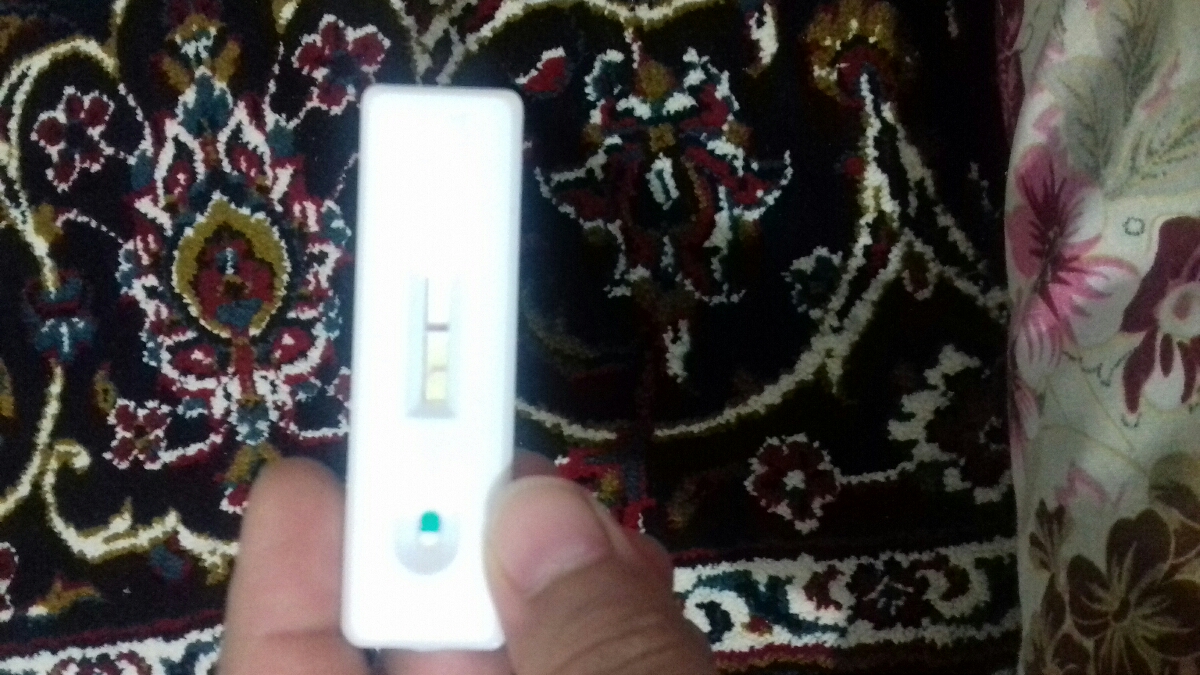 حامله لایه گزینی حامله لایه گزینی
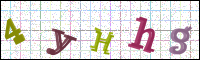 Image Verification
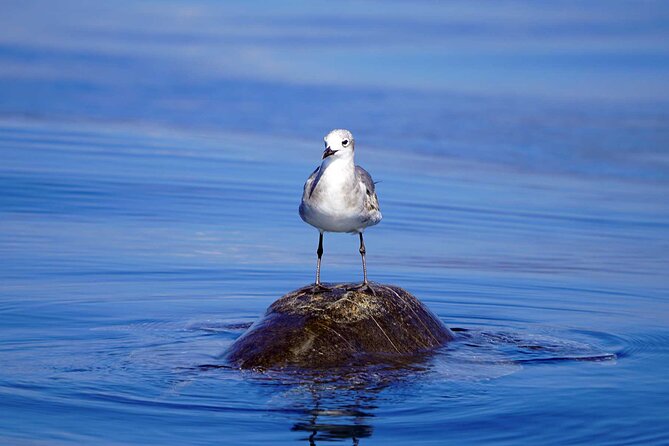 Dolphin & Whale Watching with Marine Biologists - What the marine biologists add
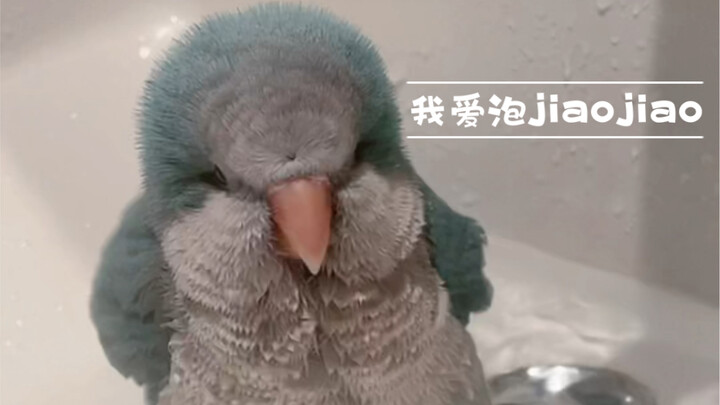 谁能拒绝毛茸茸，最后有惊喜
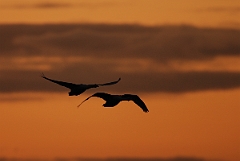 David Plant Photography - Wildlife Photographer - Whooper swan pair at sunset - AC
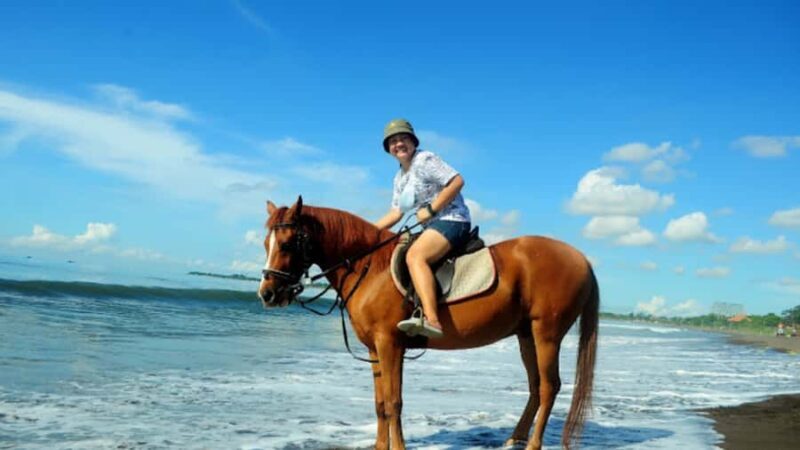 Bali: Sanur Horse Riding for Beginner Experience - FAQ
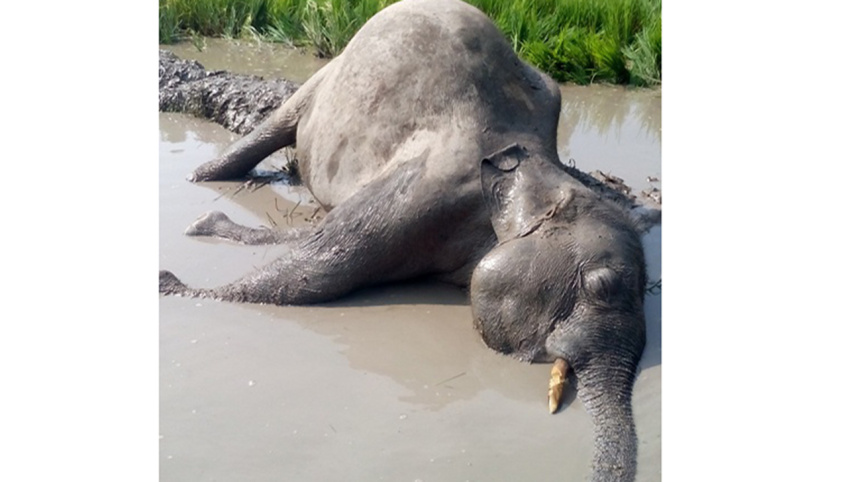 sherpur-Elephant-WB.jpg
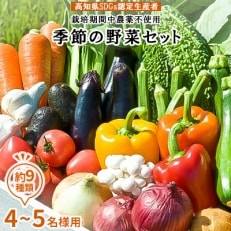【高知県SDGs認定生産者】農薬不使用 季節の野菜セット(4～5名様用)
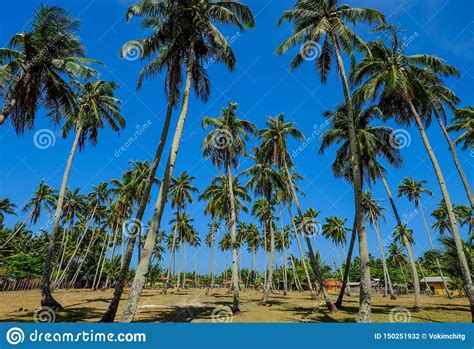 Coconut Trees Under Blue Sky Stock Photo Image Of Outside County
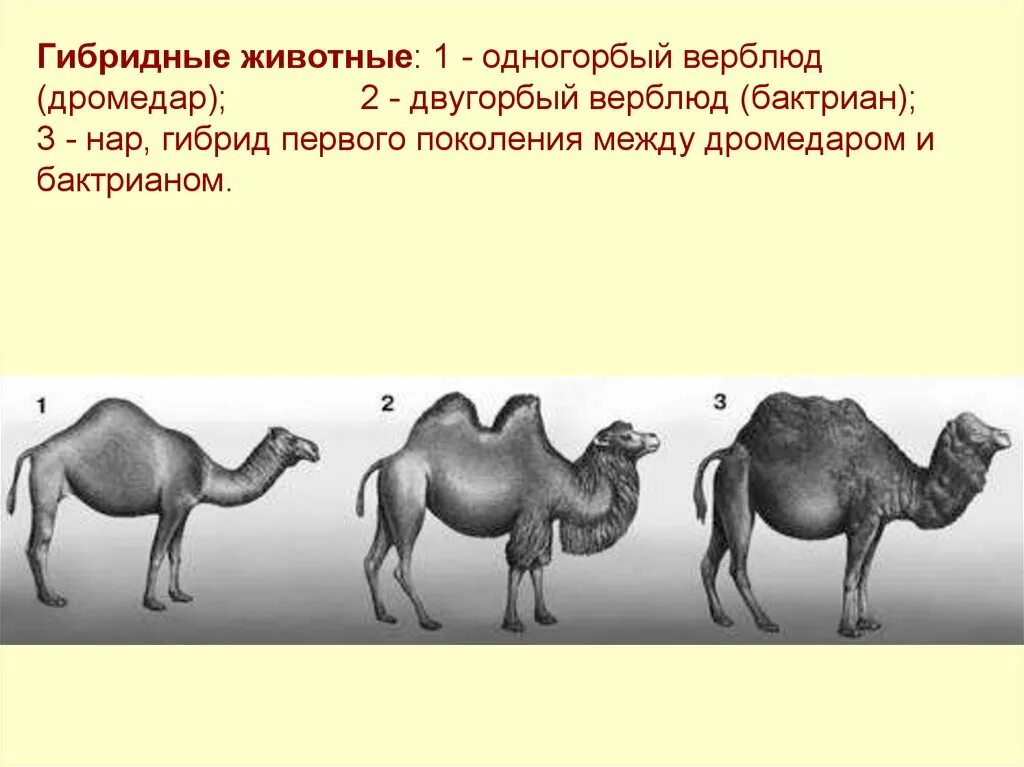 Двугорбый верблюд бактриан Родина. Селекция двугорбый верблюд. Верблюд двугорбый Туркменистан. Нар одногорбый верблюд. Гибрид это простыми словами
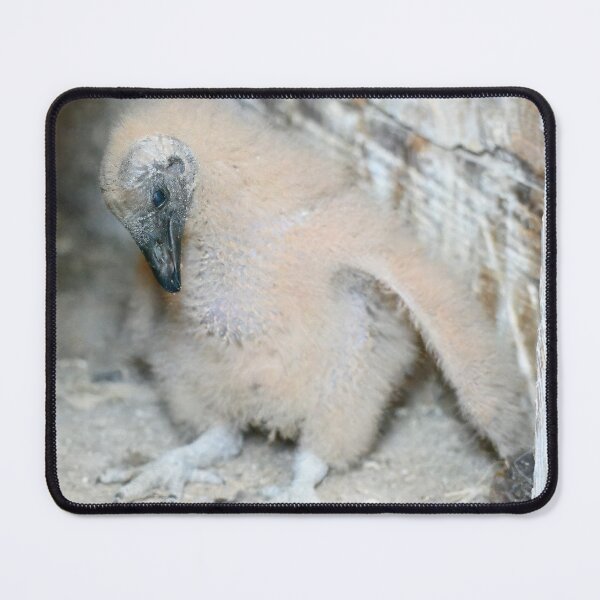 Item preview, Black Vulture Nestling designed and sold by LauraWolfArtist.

____________________

* [EXERCISE DIRECTIONS] Each line from the one containing "Dolphin & Whale" through the last line above should be retyped exactly, and no other line. Any picture is to be left out.

* [SOLUTION FOR THIS TASK]
 Dolphin & Whale Watching with Marine Biologists - What the marine biologists add
 谁能拒绝毛茸茸，最后有惊喜
 David Plant Photography - Wildlife Photographer - Whooper swan pair at sunset - AC
 Bali: Sanur Horse Riding for Beginner Experience - FAQ
 sherpur-Elephant-WB.jpg
【高知県SDGs認定生産者】農薬不使用 季節の野菜セット(4～5名様用)
 Coconut Trees Under Blue Sky Stock Photo Image Of Outside County
 Двугорбый верблюд бактриан Родина. Селекция двугорбый верблюд. Верблюд двугорбый Туркменистан. Нар одногорбый верблюд. Гибрид это простыми словами
 Item preview, Black Vulture Nestling designed and sold by LauraWolfArtist.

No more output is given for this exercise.